À ce niveau de caricature dans la comparaison, soit Macron est cynique, soit il est ignorant et croit pouvoir opposer progressistes et nationalistes, ce qui est une polarisation bien sommaire, un manichéisme de mauvais aloi, si ce n’est un ferment de guerre civile.
Le XXIe siècle européen
« L’Europe est face à un risque : celui de se démembrer par la lèpre nationaliste et d’être bousculée par des puissances extérieures. Et donc de perdre sa souveraineté », prévient Emmanuel Macron.
Grave distorsion de réalité en fait de démembrement par « la lèpre nationaliste » : s’il y a démembrement, il est provoqué par Bruxelles. Chacun sait que les oligarques européens ont mis à l’œuvre une Europe des régions, laquelle, pour le compte, démembre sûrement la réalité des nations. Une dizaine de conventions et chartes du Conseil de l’Europe (charte des langues régionales, etc.) tendent, sournoisement, derrière des apparences généreuses, à promouvoir une nouvelle carte politique de l’Europe dont ont disparu les frontières actuelles, à partir de fondements communautaristes ethniques et/ou linguistiques, analysés par l’essayiste Pierre Hillard.
De même, le Comité des régions de l’UE créé par le Traité de Maastricht trouve sa raison d’être dans cette logique régionaliste favorisant l’éclatement des constructions politiques que sont les États nations avec les financements à l’appui.

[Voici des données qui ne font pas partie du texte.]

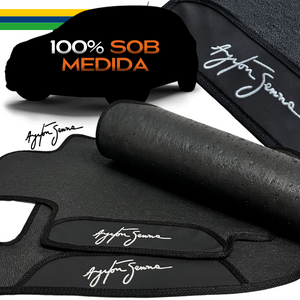 TAPETE BORRACHA PREMIUM ASSINATURA SENNA TODOS OS MODELOS (SOB MEDIDA) - Exclusive 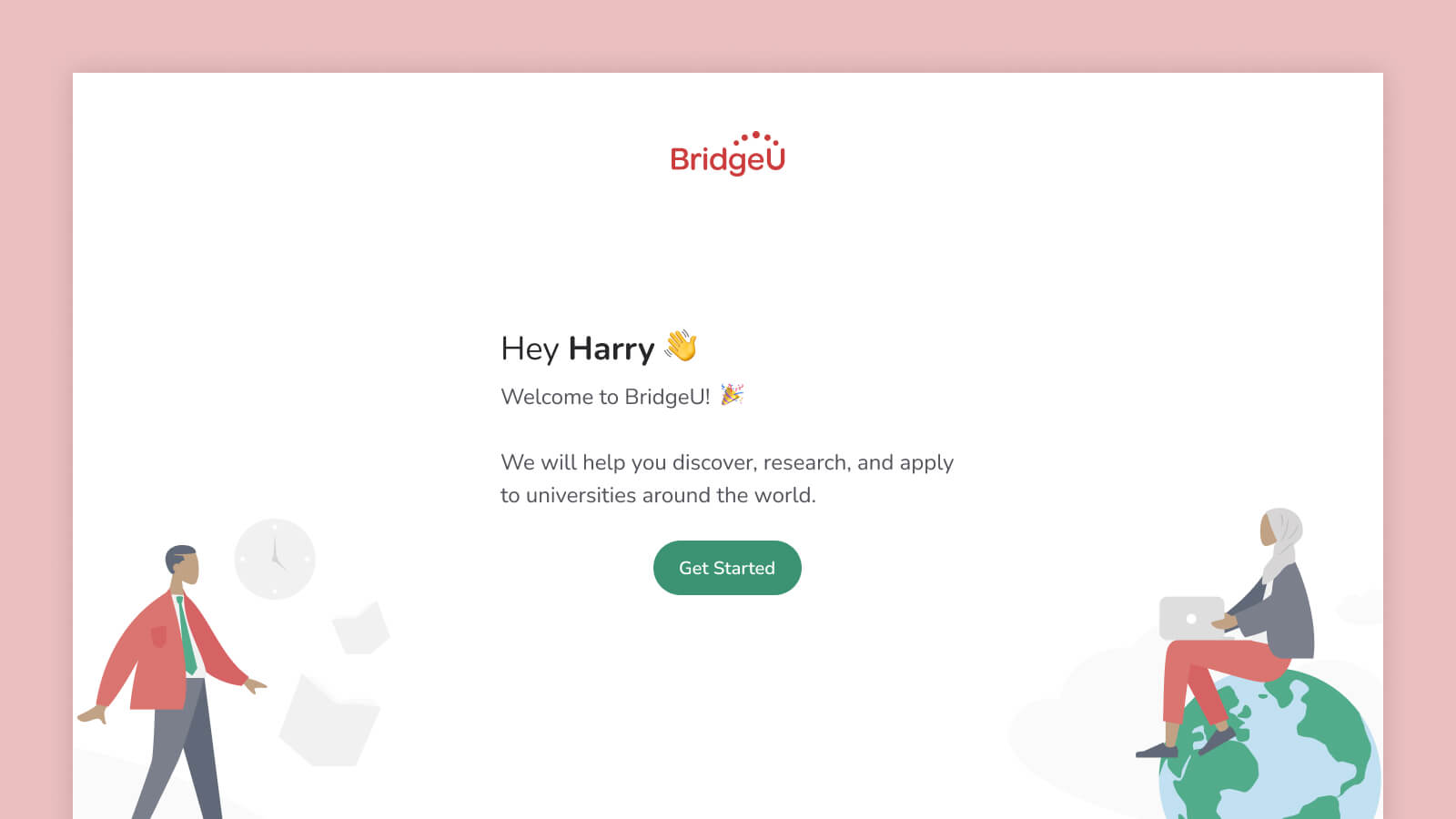 Final onboarding — welcome screen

Quant à perdre sa souveraineté, qui a jamais entendu parler de souveraineté européenne ? À tout le moins, s’il y a une construction européenne, celle-ci n’a jamais bâti de souveraineté. À moins qu’on prenne les droits de l’homme comme une affirmation de souveraineté, alors qu’ils ne sont qu’une idéologie.
On aimerait demander au président en quoi l’Europe possède le commencement d’un début de souveraineté. Dans l’inventaire des institutions européennes, on ne trouve aucun attribut de la souveraineté. Sauf à considérer que l’euro en serait un. Le problème est qu’on fait rarement une souveraineté par les unions monétaires, lesquelles ont toutes échoué dans l’histoire.
En fait de souveraineté, le président de la République voit-il l’état de vassalisation de l’Europe aux USA, son assujettissement au dollar et à ses lois et à la protection américaine dans le cadre de l’OTAN ? Ce qu’il reconnaît d’ailleurs dans une phrase : «… d’avoir sa sécurité qui dépende des choix américains ».
En matière de souveraineté, faut-il lui rappeler que l’abandon majeur de souveraineté que constituait l’extension très large du principe de la majorité qualifiée en lieu et place de l’unanimité des États a détruit la souveraineté des États sans créer de souveraineté européenne. La souveraineté des États nations a été ensuite brisée en Europe par l’intervention au Kosovo en 1999, un tournant de l’histoire des relations internationales.
Cette ingérence dans les affaires intérieures d’un État au nom des droits de l’homme a bouleversé l’ordre en vigueur depuis plus d’un siècle. Et cela n’a pas laissé place à un nouvel ordre, mais au chaos dont le spectacle effraie à juste titre les peuples ; il a même constitué la forme du retour de la guerre en Europe. Celle-ci, de l’entière responsabilité de l’institution européenne et en contradiction absolue avec ses affirmations de « defensor pacis ».
Non, décidément, à ce niveau d’incohérence, nous n’avons le choix qu’entre incompétence ou mauvaise foi, l’histoire semble se répéter selon lui, et le président s’engouffre dans son psittacisme.
C’est alors qu’il faut lui rappeler la phrase de Marx : « Tous les grands événements et personnages historiques se répètent pour ainsi dire deux fois […] la première fois comme tragédie, la seconde fois comme farce ».
Note
(1) Elle s’énonce ainsi : « Plus une discussion dure longtemps, plus la probabilité d’y trouver une comparaison impliquant les nazis ou Hitler s’approche de 1 ».